**Image-caption web data**
---
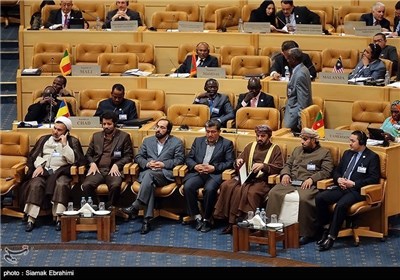 علی هامش مؤتمر اتحاد برلمانات الدول الاسلامیة
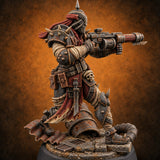 Rust Chapel Rabble Human Cultist E — painted concept preview (miniature supplied unpainted)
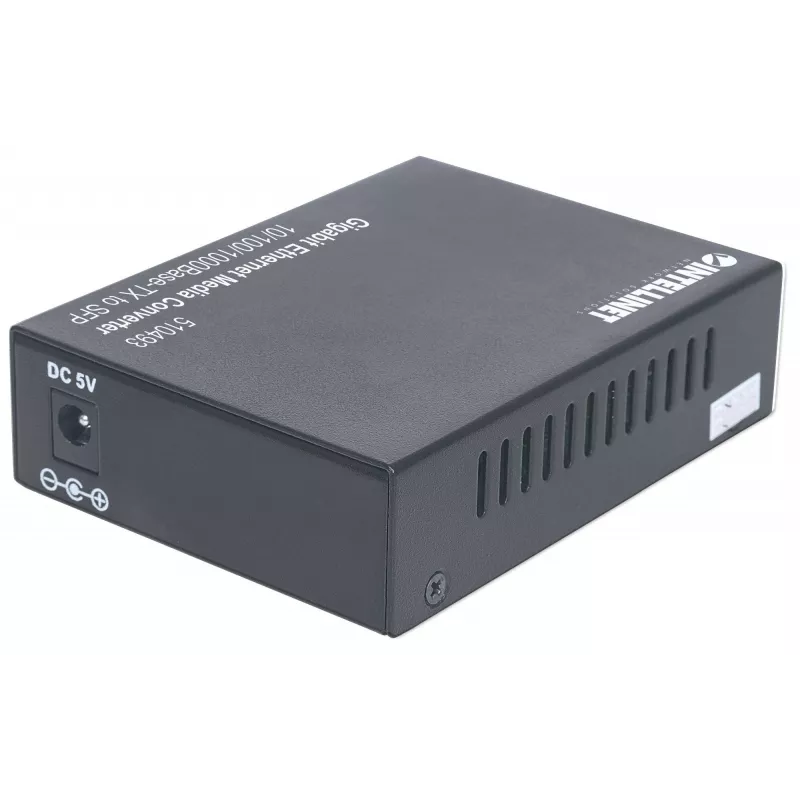 Conversor de media Intellinet Gigabit Ethernet para SFP, 10/100/1000Base-Tx para slot SFP, vazio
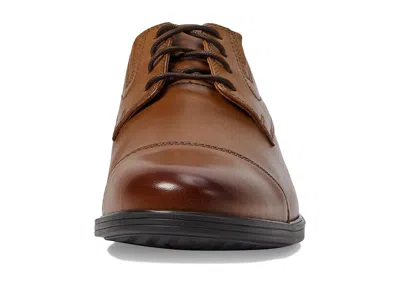 Clarks Wide Width Dresslite Cap Toe Oxford In Brown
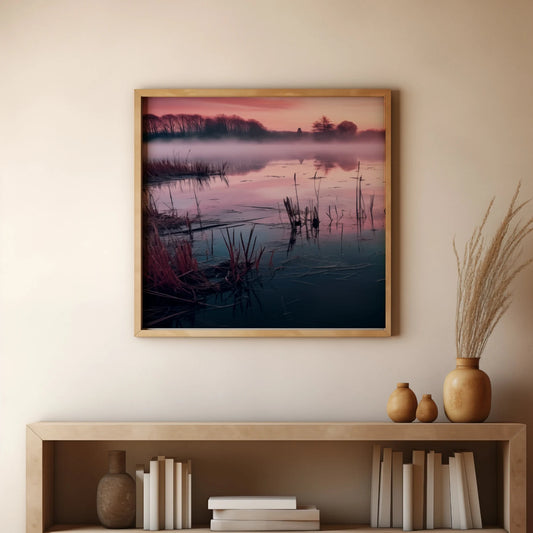 Peaceful Sunset | Landscape | Timeless Art | Oil Painting naturepalette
---
**INSTRUCTIONS FOR THE TASK**
Please reproduce exactly, and nothing more, the lines from the one containing "Clarks Wide Width" through the last line of the entries, both included; pictures stay out.

**ANSWER TO THIS EXERCISE**
 Clarks Wide Width Dresslite Cap Toe Oxford In Brown
 Peaceful Sunset | Landscape | Timeless Art | Oil Painting naturepalette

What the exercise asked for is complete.